Zij adviseert een (deels) voorwaardelijke straf op te leggen met als bijzondere voorwaarden een meldplicht bij de reclassering en ambulante behandeling bij [zorgverlener01] . De behandeling zou zich moeten richten op psycho-educatie, eenzaamheid, coping, herkennen en aanleren van grenzen en het leren duiden van de aard van verschillende sociale contacten en welk gedrag daarbij passend is.
Voor het bepalen van de straf heeft de rechtbank aansluiting gezocht bij de straffen die in vergelijkbare zedenzaken zijn opgelegd.
Alles afwegend, is de rechtbank van oordeel dat een taakstraf een passende strafrechtelijke sanctie is. Daarnaast ziet de rechtbank op grond van de aard van de feiten in combinatie met zijn persoonlijke omstandigheden aanleiding om een voorwaardelijke gevangenisstraf op te leggen. Ook de rechtbank acht een adequaat begeleidingstraject van essentieel belang om de kans op herhaling in de toekomst te verkleinen. Door het opleggen van een voorwaardelijke gevangenisstraf wordt het mogelijk gemaakt om de door de reclassering genoemde bijzondere voorwaarden ten uitvoer te brengen en een vinger aan de pols te houden. Dat verdachte de afgelopen tijd al nieuwe sociale vaardigheden heeft aangeleerd, juicht de rechtbank toe.
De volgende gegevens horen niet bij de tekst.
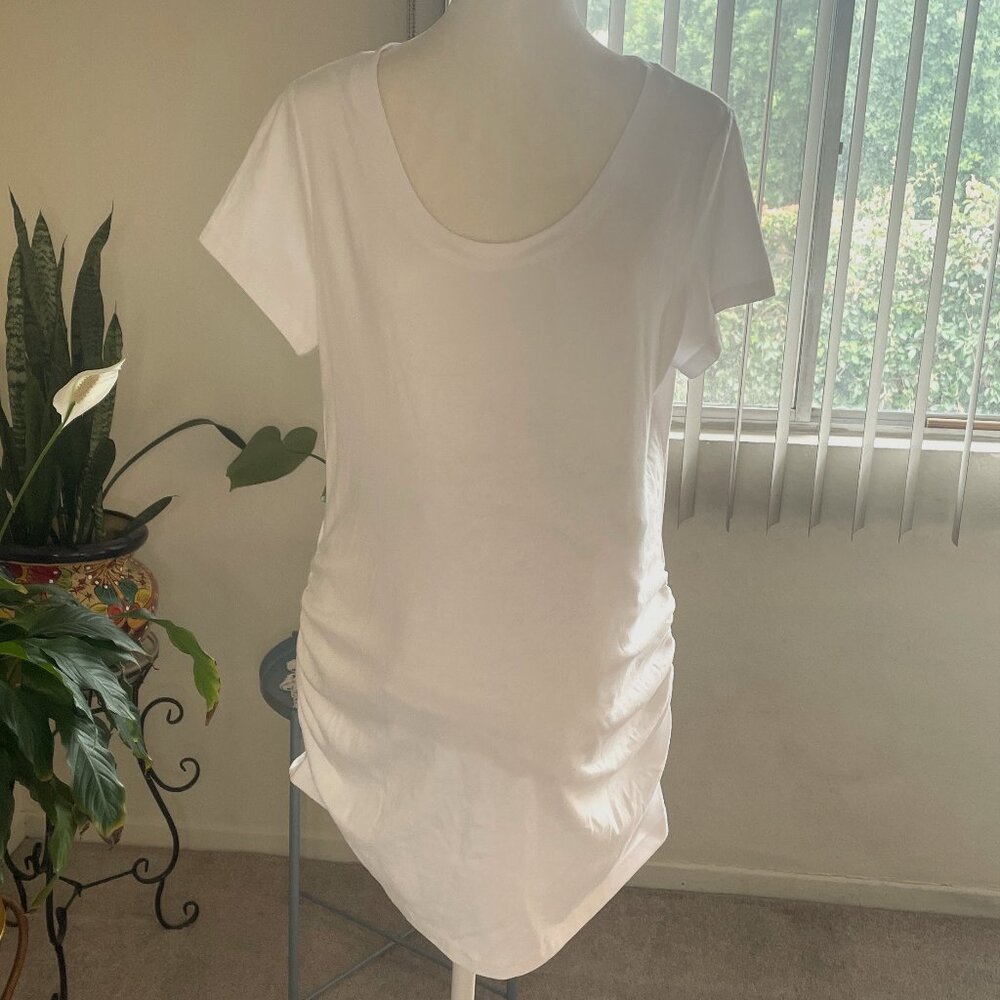 OLD NAVY Maternity: White t-shirt in size L. Short sleeves with scoop neck.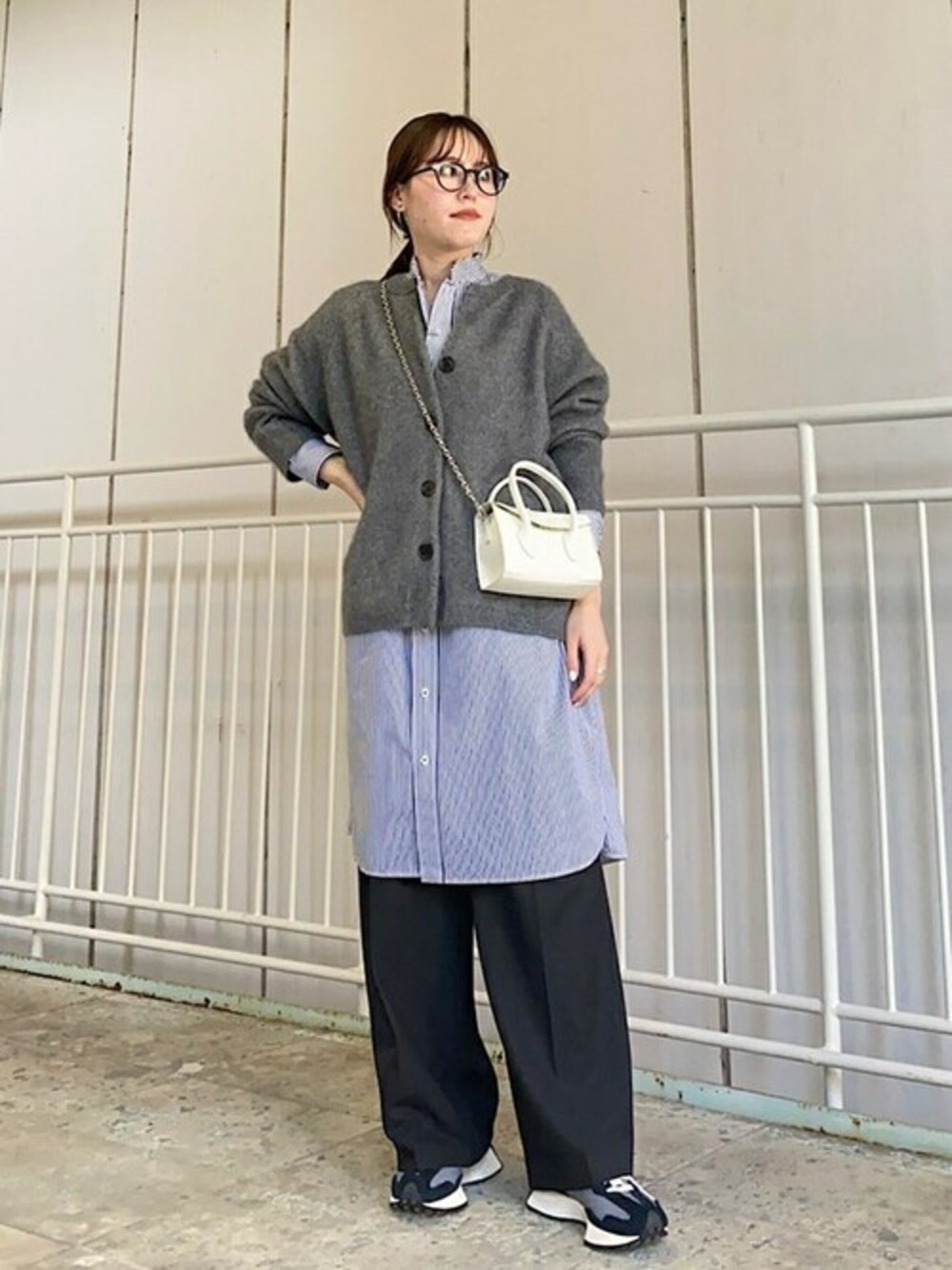 「スニーカー、シンプル、ニットカーディガン、レイヤードスタイル、大人カジュアル、ワイドパンツ、ストライプシャツ、ミニバッグ、SHIPS for women、シャツチュニック」｜「TICCAのTICCA:〈手洗い可能〉スタンドチュニック（シャツ/ブラウス、ブラック系）」を使った、小林さん（レディース・153cm）の秋コーディネートの1枚目の写真
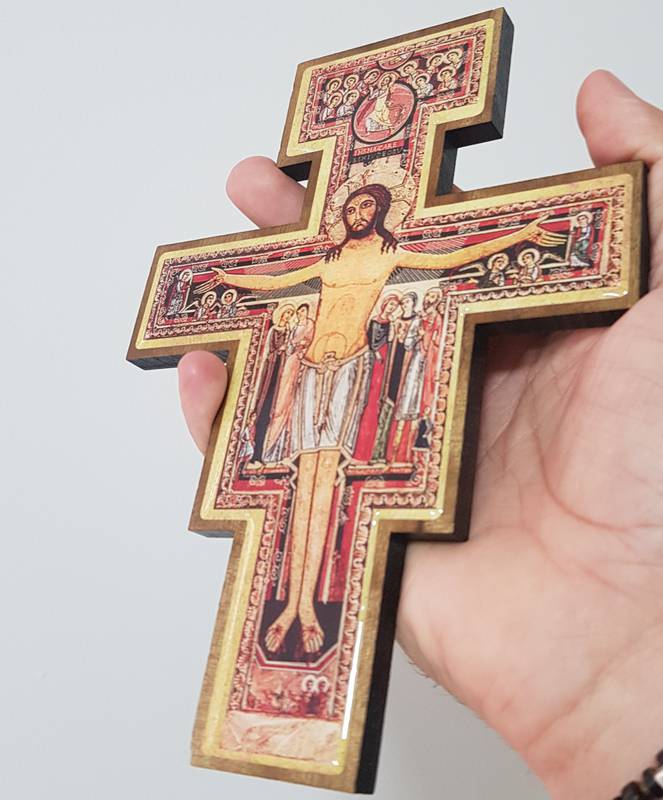 Cruz de São Damião em Madeira para Parede – 19 cm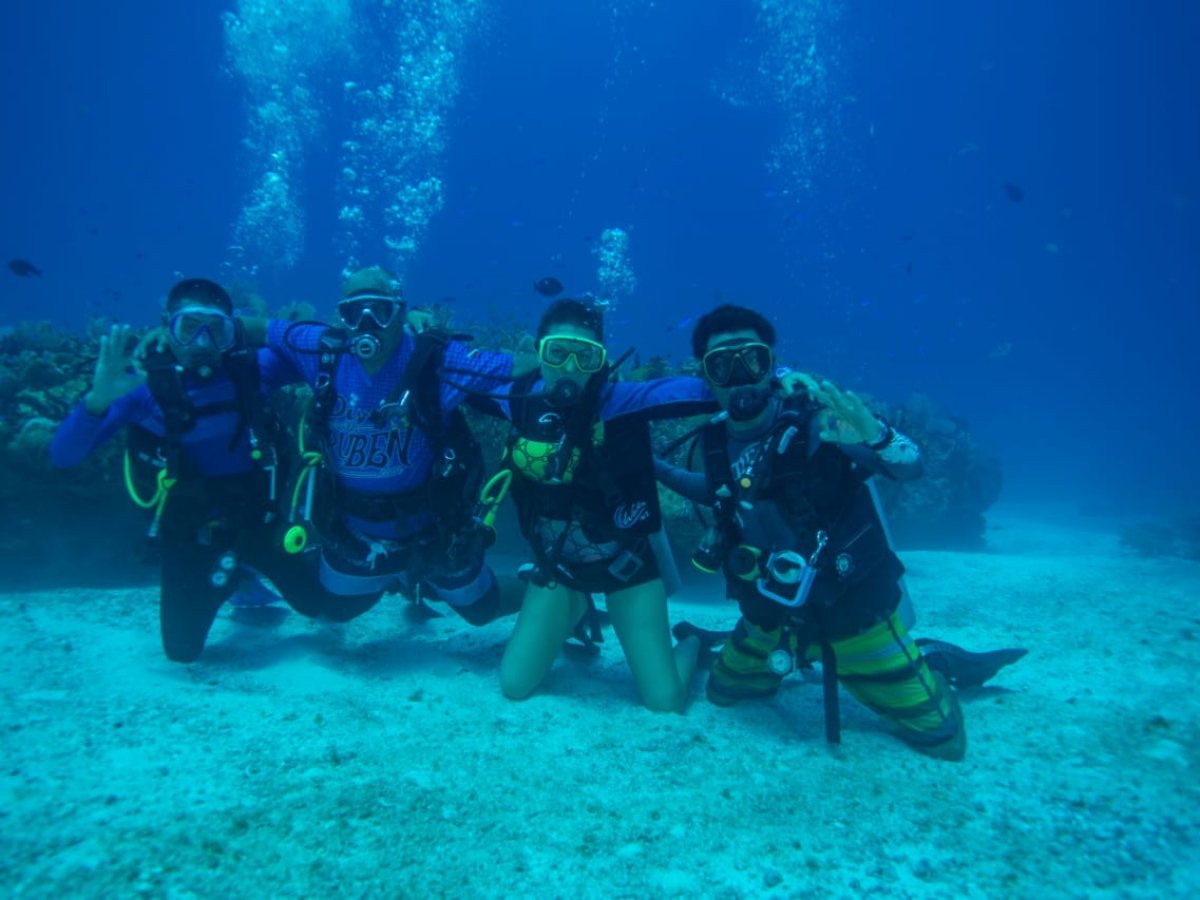 Divers with Dive With Rubén in Puerto Morelos, a Search Engine Profiling client for 10+ years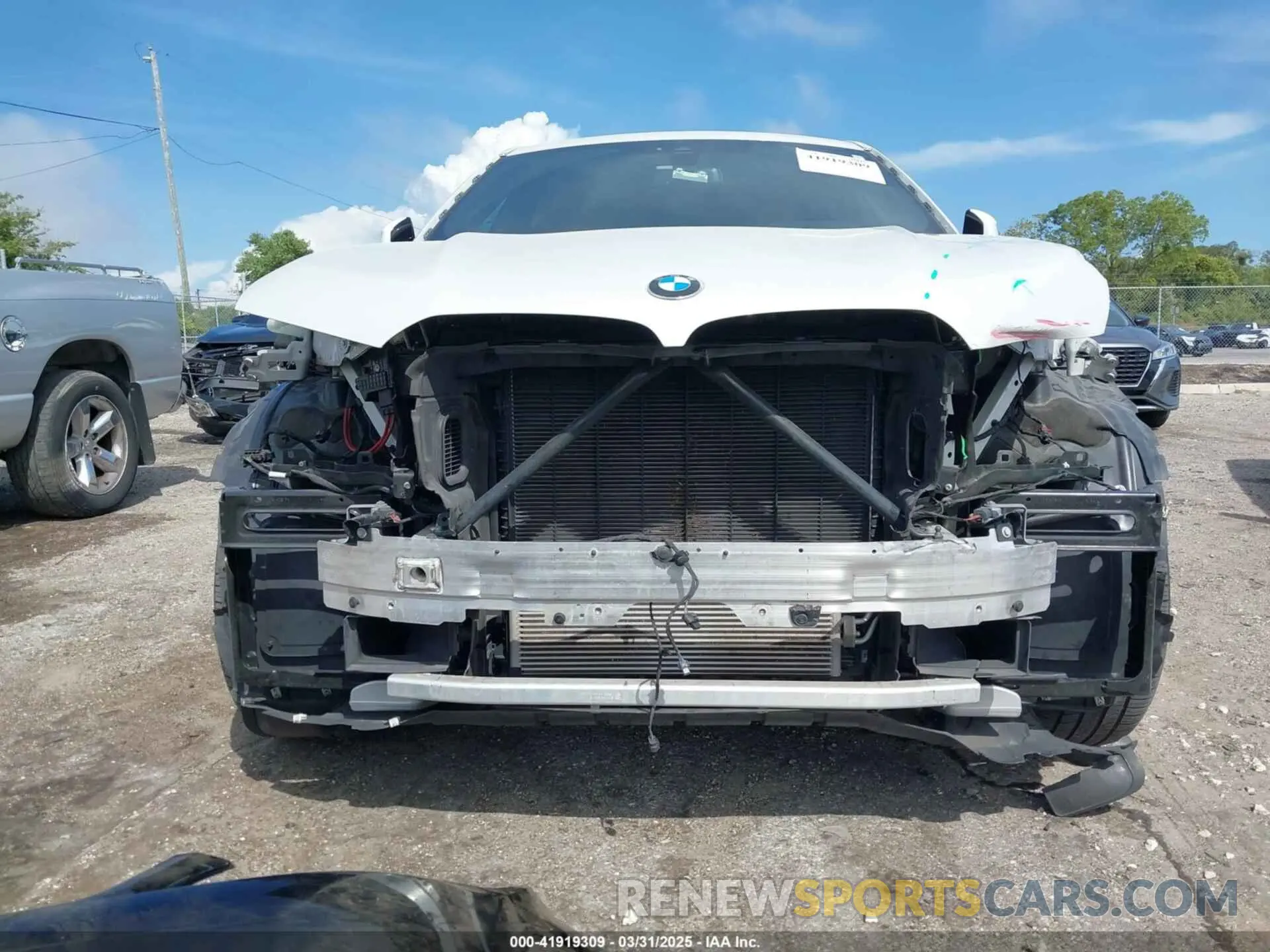 13 Фотография поврежденного автомобиля 5UXCY6C03M9G71475 BMW X6 2021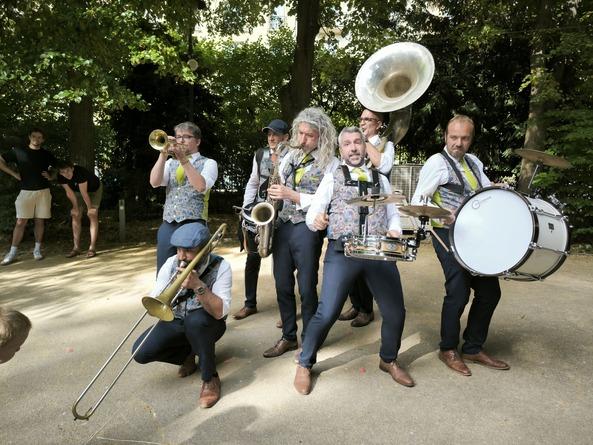 Fanfare Jazz Combo box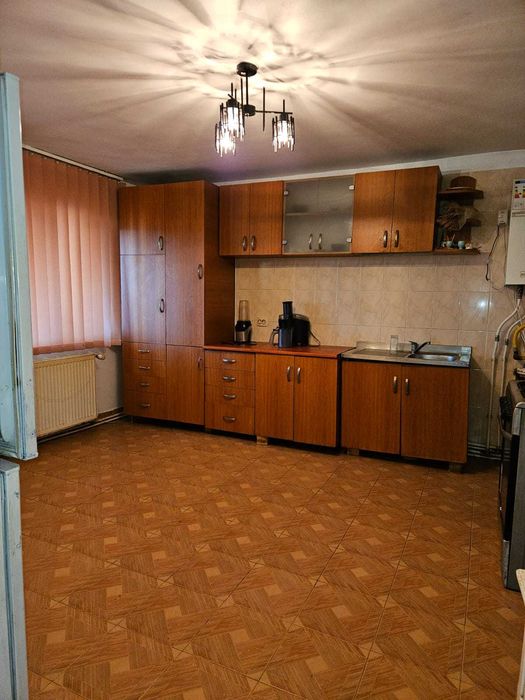 VILĂ ca-n povești situată într-o OAZĂ de VERDEAȚĂ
De rechtbank zal verdachte veroordelen tot een taakstraf van 100 uur en een voorwaardelijke gevangenisstraf van 2 maanden met de bijzondere voorwaarden die door de reclassering zijn geadviseerd.
Met deze straffen beoogt de rechtbank een balans te vinden tussen de belangen van het slachtoffer, de bescherming van de samenleving en de mogelijkheid van de verdachte om te werken aan zijn gedrag en toekomstige verantwoordelijkheid.